La segunda señal es una visión sobrevalorada de uno mismo.
Fíjese cómo el hermano mayor describe su propia superioridad.
La autocomplacencia siempre está llena de autoalabanza: Tantos años hace que te sirvo
.
No hay un reconocimiento para nada de lo que ha aprendido durante todos estos años, o de cuánto se ha beneficiado de la relación con su padre.
Todo lo ve de la misma forma:
no habiéndote desobedecido jamás
.
Definitivamente eso no es verdad.
Nadie ha vivido nunca a la altura de ese listón.
Es de notar cuán convenientemente olvida las muchas veces que su padre lo ha perdonado.
No obstante, su visión de sí mismo es que tiene total y completamente la razón.
Eso es siempre una señal de autocomplacencia.
La tercera señal es que echa la culpa y desprecia a los demás:
Pero cuando vino este hijo tuyo...
.
Se puede oír su agudo y cortante desprecio.
No lo llama hermano ni se alegra de su vuelta.
Lo ve como alguien vil y despreciable.
Tampoco hay amor o respeto por su padre.
Por raro que parezca, acaba echándole toda la culpa al padre:
¡Nunca me has dado ni un cabrito para gozarme con mis amigos, pero has hecho matar el becerro gordo para ese despreciable desgraciado!
.
¿Cuántas veces hemos oído expresar esa reacción?
Estas son las tres señales de la autocomplacencia, el pecado más letal del mundo. Nuestro Señor habló más frecuentemente y más severamente de él que de ningún otro pecado. Él podía ser tierno y misericordioso hacia aquellos que estaban envueltos en adulterios o borracheras, pero cuando se enfrentaba a los autocomplacientes fariseos con su autojustificación engreída, Sus palabras ardían y escocían. Este pecado es letal porque se disfraza muy fácilmente como algo justificable. Nos revela que este hijo está en realidad más perdido que el otro. Él también se encuentra en un país lejano ―el país lejano del espíritu― alejado del corazón de su padre. Nunca ha aprendido a compartir el mismo espíritu que tiene su padre.

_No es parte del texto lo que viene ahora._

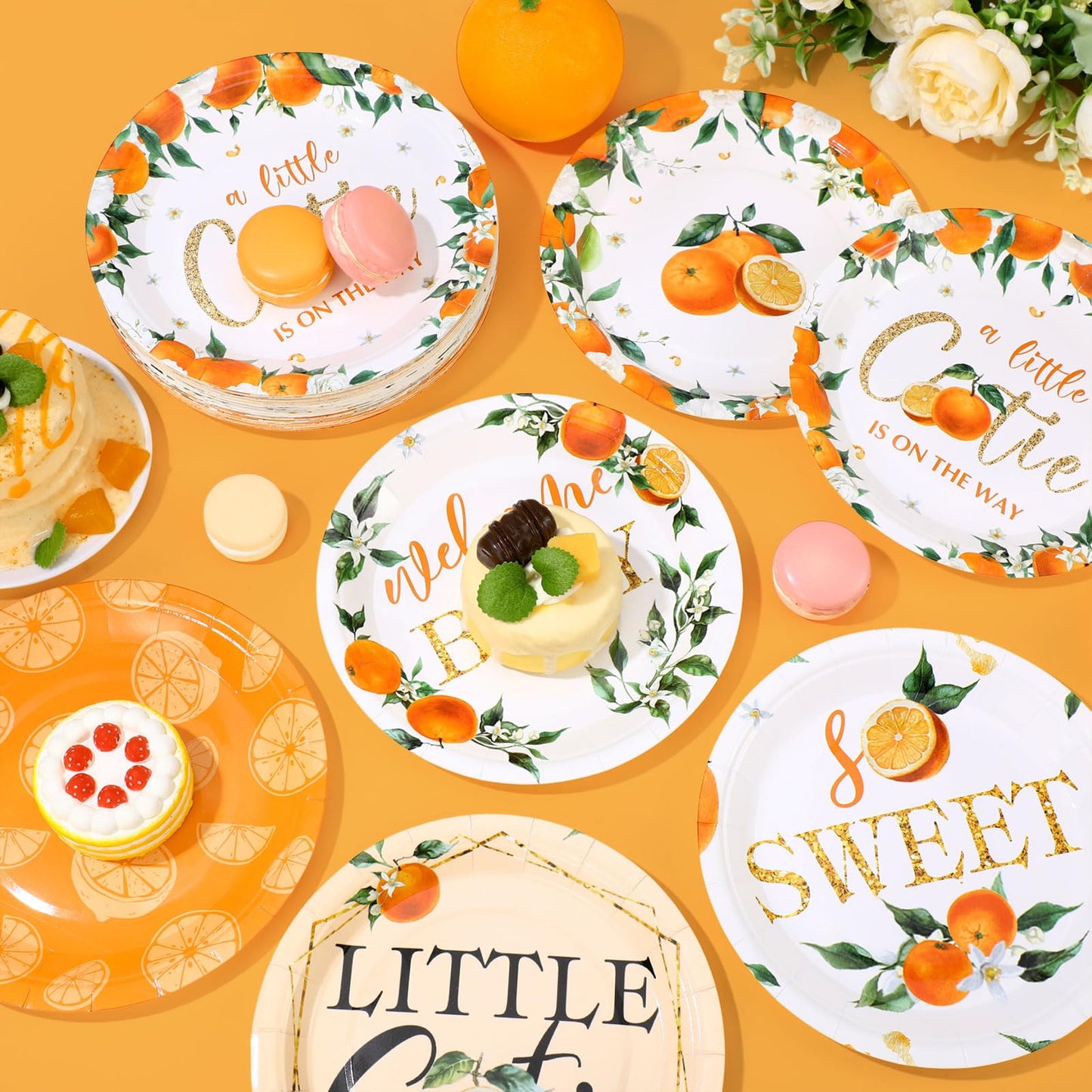 Funnymoom 60 Pcs 7 Inch Little Cutie Paper Plates Orange Baby Shower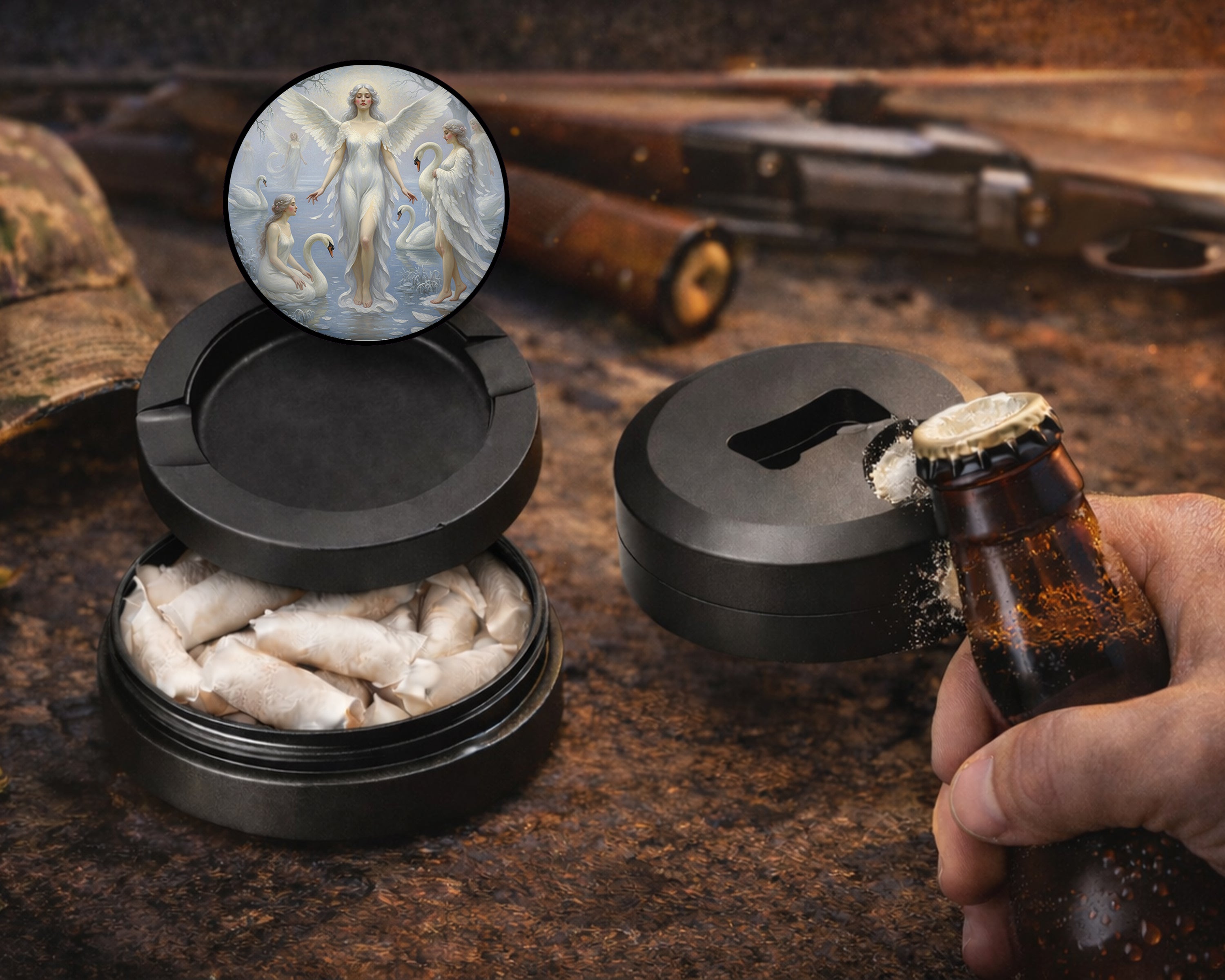 Celestial Swan Lake Angels Snus Storage Case Bottle Opener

Padre, Tú fuiste misericordioso y compasivo cuando yo volví de un país lejano. Ahora, Señor, sálvame de volverme duro y crítico y de culpar a aquellos que son como yo fui una vez.
Aplicación a la vida
¿He visto en mí mismo esta sensación de ser tratado injustamente, de sobrevalorarme a mí mismo, de despreciar a los otros?